In this complex world of program evaluation research, two approaches are critical and dependent on each other: the Theory of Change (ToC) and Logic Models. As tools of strategic planning and evaluation, both offer complementary frameworks for understanding interventions. However, their differences often lead to confusion, especially in deciding which to apply first. For evaluators who often find themselves in the crosshairs of this debate, this article delves deeper into the distinctions, applications, and intersections of both models, with an emphasis on short-term evaluation projects.
Understanding the Basics
Theory of Change (ToC): The Theory of Change is essentially a narrative or story, presenting a comprehensive depiction of problem identification to its intended or ultimate outcome. It draws a detailed picture right from the intervention's commencement to its eventual outcomes, highlighting the pathways and the underlying assumptions. The ToC can assume any shape, even going sideways and providing understanding about the broader context, interactions, and the process at play.
Logic Models: Logic Models are more schematic.
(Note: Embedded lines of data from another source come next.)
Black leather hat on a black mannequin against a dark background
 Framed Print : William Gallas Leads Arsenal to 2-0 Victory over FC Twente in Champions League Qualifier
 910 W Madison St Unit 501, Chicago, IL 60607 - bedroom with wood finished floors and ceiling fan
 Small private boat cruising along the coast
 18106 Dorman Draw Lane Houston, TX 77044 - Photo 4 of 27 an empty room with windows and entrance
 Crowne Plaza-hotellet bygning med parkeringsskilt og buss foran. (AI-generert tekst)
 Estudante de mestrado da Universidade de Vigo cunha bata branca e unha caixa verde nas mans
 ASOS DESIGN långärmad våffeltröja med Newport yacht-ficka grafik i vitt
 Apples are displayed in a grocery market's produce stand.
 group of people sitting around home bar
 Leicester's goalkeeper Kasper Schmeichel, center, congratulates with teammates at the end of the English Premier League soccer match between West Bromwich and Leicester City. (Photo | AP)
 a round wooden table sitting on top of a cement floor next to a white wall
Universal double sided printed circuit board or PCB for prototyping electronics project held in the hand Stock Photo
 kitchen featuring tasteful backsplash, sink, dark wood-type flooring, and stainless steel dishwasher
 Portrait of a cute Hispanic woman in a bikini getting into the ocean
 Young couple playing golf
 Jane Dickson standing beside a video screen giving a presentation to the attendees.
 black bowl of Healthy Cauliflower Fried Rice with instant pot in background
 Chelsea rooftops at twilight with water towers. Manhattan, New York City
As per the W.K. Kellogg Foundation (2004), Logic Models provide a simplified picture of a program activities, processes, and outcomes, showing the logical links among the resources that are invested, the activities that take place, and the benefits or changes that result. In essence, they encapsulate how inputs lead to processes, outputs, outcomes, and impacts.
Image of Theory of Change/Logic Model
Which Comes First? Understanding the Sequence
ToC and logic models are complementary in nature, though the strategic application of ToC and Logic Models depends significantly on the purpose and scope of study or project:
When embarking on a large or complex project, where a deep understanding of context, stakeholder dynamics, and the intricacy of an intervention is required, initiating with the Theory of Change is plausible. ToC aids in understanding the broader context and the various pathways of change. Following this, a Logic Model can be extrapolated to distill the line details. ToC is comprehensive, expounds the theory and clarifies the assumptions whereas logic model depicts a visual summary or a snapshot of the proposed theory.
When an existing programme or intervention requires needs narrow evaluation or is limited to few objectives, then starting with Logic Model is appropriate. Also, if the need is more towards its performance evaluation or feedback loops, then again starting with the Logic Model might be advantageous. Its bottom-to-top or left-right design offers clarity on perceived relationships among resources, activities, and outcomes. Given the constraints of time and resources in short-term projects, Logic Models aids in strategic decision-making. However, for a more complex or deep understanding of context, players, and assumptions, ToC provides richer insights, even if it demands background research or ground truth.
Both the Theory of Change and Logic Models stand as invaluable assets for evaluators, and both are applied in a complementary fashion. At times, evaluators or researchers develops the initial Logic Models and then followed by the development of theory of change narrative. In other instances, there is a need to identify ‘root causes’ and capture in-depth information. ToCs then becomes the core and more nuanced than Logic Models. As Breuer et al. (2016) noted, ToC helps in understanding uncertainties by using a backward mapping approach. On the other hand, Logic Models offer a linear way to indicate the linkage between inputs and outcomes.
Choosing between the two is a matter of relevance and applicability. As practitioners, our choices should hinge not just on project goals but also on the depth, breadth, and context we aim to explore and understand.
W.K. Kellogg Foundation, (2004). Logic model development guide. Battle Creek, MI.
Breuer, E., Lee, L., De Silva, M., & Lund, C., M. et al, (2016). Using theory of change to design and evaluate public health interventions: a systematic review. Implementation Science, 11(1), 63.